This is about the pay for what you earn. It’s a world we’re used to: work and wages. It consumes so much of your life. You go to school for years, partly to get a good job. You wait for each paycheck so you can pay all those bills. You evaluate if you’re wasting time at a job where the wages are too low. We even relate to the first part of the story: with a tough economy, high unemployment, and homelessness around, we know people “standing idle,” not working, they too might say it’s “because no one hired us.”
But we can’t understand why the story ends as it does. What we know with work and wages is the principle of fairness. But this ends so unfairly! The ones who worked only 1 hour get just as much as those who worked a 12-hour shift. What employer would do this? He’d run off his best workers. Where’s the incentive for working hard? Why promote the idea that you can barely work, yet get a rich reward? Who’d stay in business doing this?
Of course, we remember that this is a sermon Jesus’ disciples need. He is making it clear that His kingdom is a kingdom of grace, undeserved love. Jesus is teaching that we don’t receive the reward by earning it.
In fact, the answer to Peter’s question – “Therefore (due to what we’ve done) what will we receive?” – you don’t want the answer to that. Nothing you do ever could be good enough for Him to give you a good reward. The reward we earn is to be condemned to hell, since in order to receive the reward of eternal life, you must be holy, without sin. The Bible says: “Whoever shall keep the whole law yet stumble in one point, he is guilty of all” (Jam 2:10).

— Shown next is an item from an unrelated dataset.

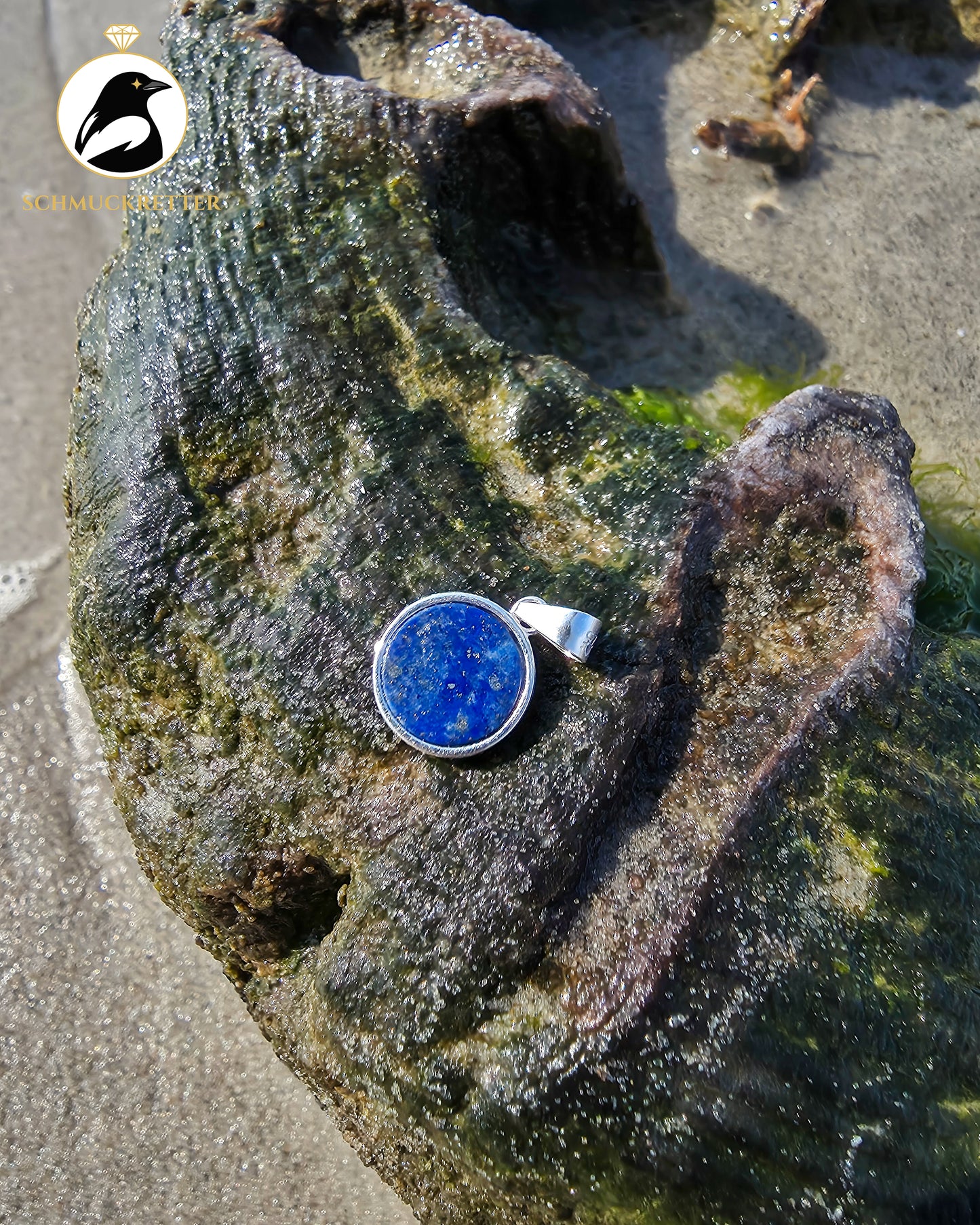 Lapislazuli Anhänger gefasst in 925 Silber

We encounter this “wages” talk in the book of Romans. St. Paul writes: “Now to the one who works, the wages are not counted as a gift [grace] but as his due” (4:4). He says “wages” are what someone owes you for what you’ve done, so we shouldn’t want our working to determine it. Thus, St. Paul writes later in Romans (6:23), “The wages of sin is death.”
With God you shouldn’t want wages, what you earn. You should want what you don’t earn. Jesus earned it for everyone. He lived a totally sin-free life. He took your sin, and so He took your wages; He died your death. His perfect life counts for you, so you get the wages He earned: His innocence and righteousness, and thus you get eternal life, the reward for His work. That’s what His kingdom is, not lining up to receive wages for your work.
With that in mind, isn’t it strange that Jesus describes life in His kingdom of grace with these words, this picture-story, about wages and working?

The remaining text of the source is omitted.